¿Creéis que no sé que esto también pasará? Que llegará un momento en el que mis palabras os suenen apagadas. Diréis «ah, puff, Agredano» y os soplaréis en el flequillo. Pasaréis de página. No cliquearéis. Me iréis abandonando poco a poco, como cuando dejamos a alguien hablando solo en la cocina y nos ponemos a hacer otras cosas. A perseguir a los niños. A leer otras letras. Y mi prosa caminará ya entonces como un mamut hundido en brea. Se irán acabando los temas y apaciguándose el entusiasmo. Esta ferocidad de ahora. Esta del amor y los tiempos convulsos. Y entraré en un páramo. En una relación estrictamente económica con este periódico. Y me haré rey de lo pequeño. Culparé a los lectores. Me autopublicaré libros autobiográficos. Intentaré medrar en concursos provinciales de literatura. Me iré poco a poco de este mundo y entraré en otros mundos, más áridos, menos jóvenes. Beberé vino blanco. Llamaré mondadientes a los palillos. No lo digo con tristeza. Lo asumo como una bendición. Porque vendrán otros a escarbar en vuestros corazones. Algún día mis hijos me verán como a un enemigo. Algún día aborreceré estas líneas. Algún día encontraré consuelo en el pacharán y el endecasílabo.
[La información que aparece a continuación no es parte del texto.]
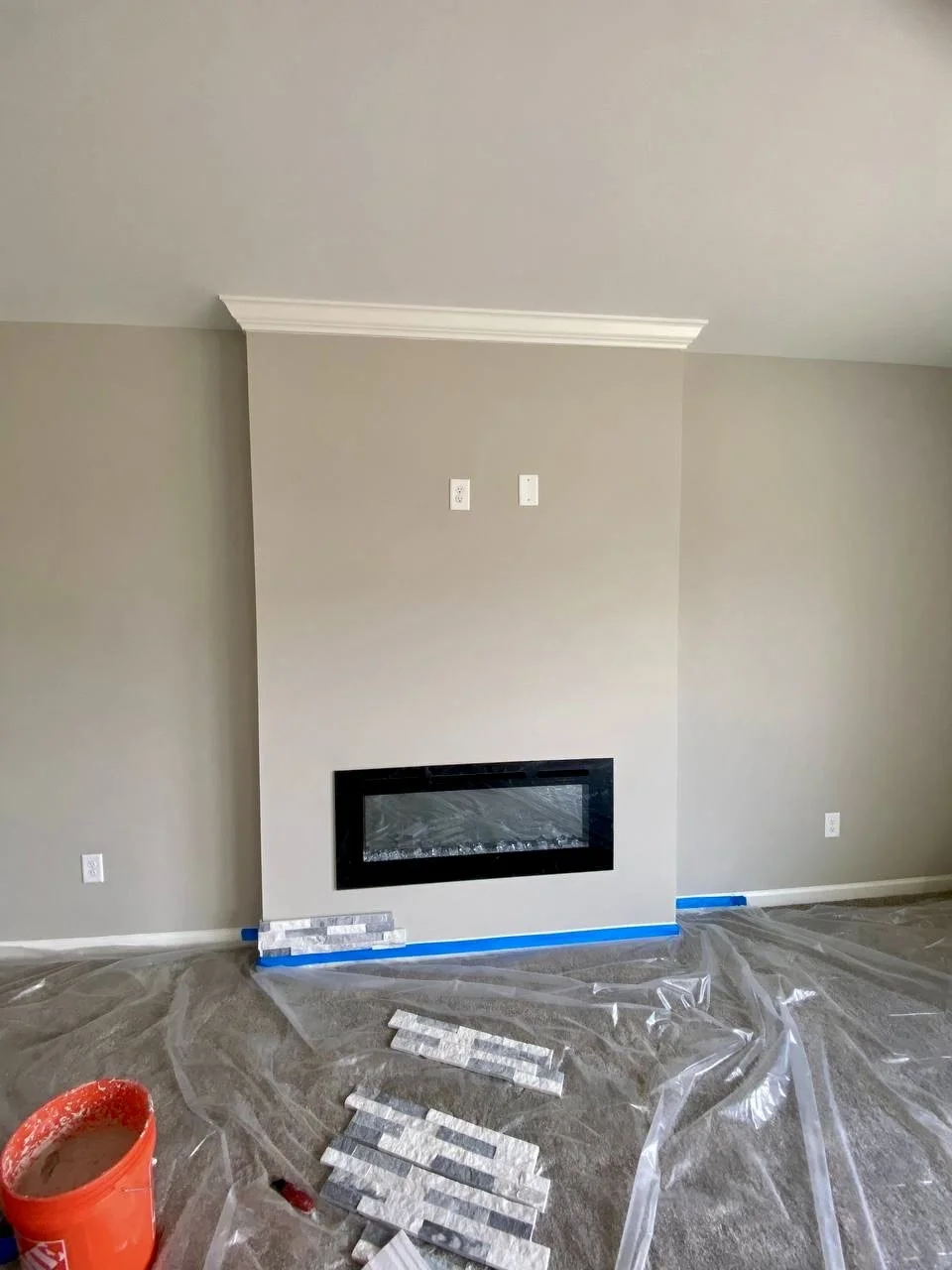 Sleek recessed electric fireplace installed within a custom floor-to-ceiling feature wall.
El paso del tiempo es mi tema único. De niño, una sola vez, me pegaron en la palma de la mano con una regla de madera. Suena como a cosa antigua, pero sucedió en torno a 1986, en el Colegio Público Mediterráneo, que aún entonces, creo, se llamaba Lope de Vega. Mi maestra, no recuerdo su nombre, tenía una regla ancha sobre la mesa. Y a veces nos daba con ella, tras hacer algo especialmente grave. No recuerdo qué hice yo. No era un niño travieso. Sería alguna bobada puntual. Cualquier cosa que se le atravesó. Y me pegó. Extendí las manos y me dio en la derecha. Escribo esto y al remover mi memoria noto el chasquido y el cosquilleo ígneo recorrer mi cuerpo. No era solo dolor físico. Delante de toda la clase. La tentación de quitar la mano, pero aguantar ahí, por dignidad, ese golpe, con templanza infantil, con un la garganta como un sumidero atascado. La piel roja y el relámpago en todo el brazo. Juro que recuerdo cada fotograma de aquel diminuto calvario. Pues quiero decir que el paso del tiempo es igual que ese golpe: tan seco, tan desproporcionado, tan indulgente, tan temible.
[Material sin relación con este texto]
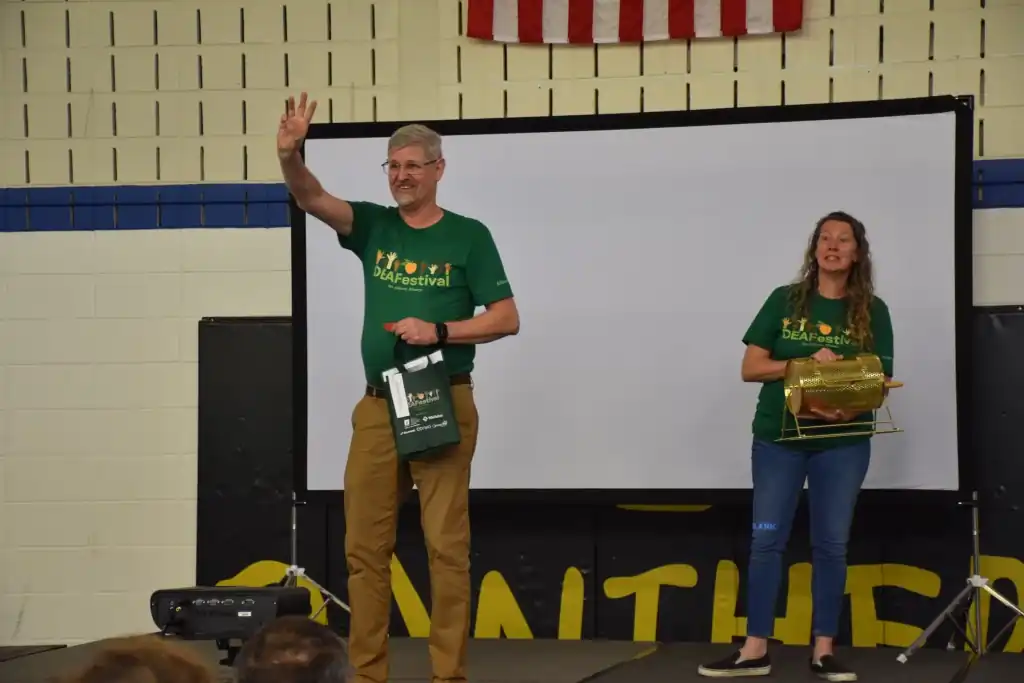 Man in green shirt waves, woman beside him holds a drum.  Both are on stage at an event.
Mira que es difícil salir del Ikea... pues más me cuesta entrar. En Ikea los matrimonios se cimentan o se diluyen. Pasamos la vida encerrados en grandes centros comerciales. Buscando la felicidad en vitrinas. Agarrados a la esperanza de lo físico. No lo critico. Me uno a la tribu, piso cada poco la comanchería. Hay quien viaja a la India, yo cambio de sitio los muebles del salón, compro platos nuevos, pongo bombillas donde antes había oscuridad. Si el día de mi muerte proyectaran mi vida: unos pocos caliqueños memorables, un par de amigos, mi familia, mis hijos, mi gran amor y horas de centros comerciales, de sus blancos pasillos. Gente desconocida en colas breves. Camisas que no me llegué a poner nunca. Estanterías Kallax llenas de libros intactos. Pasa el tiempo y yo con él me voy perdiendo, como uno más. Como un muñeco roto que termina en la basura. Soñando con pasar a otras manos infantiles pero condenado a la oscuridad del plástico, a la negritud, a un adiós imperecedero.

Siento la tristeza. Está siendo una semana dura. El próximo día volveré con confeti, guirnaldas y bengalas. No hay mayor condena que el miedo a no ser feliz, pero hay que perder el miedo a no vivir en calma. Eso cantábamos en Deneuve. Qué tiempos. De cuando uno se creía el centro. Ahora, orillado, consciente de la fragilidad y la pequeñez de nuestra existencia, miro el mar con otros ojos. La mirada cansada del que camina en paz consigo mismo. Esta extraña tregua con el reloj, con uno mismo y con la vida.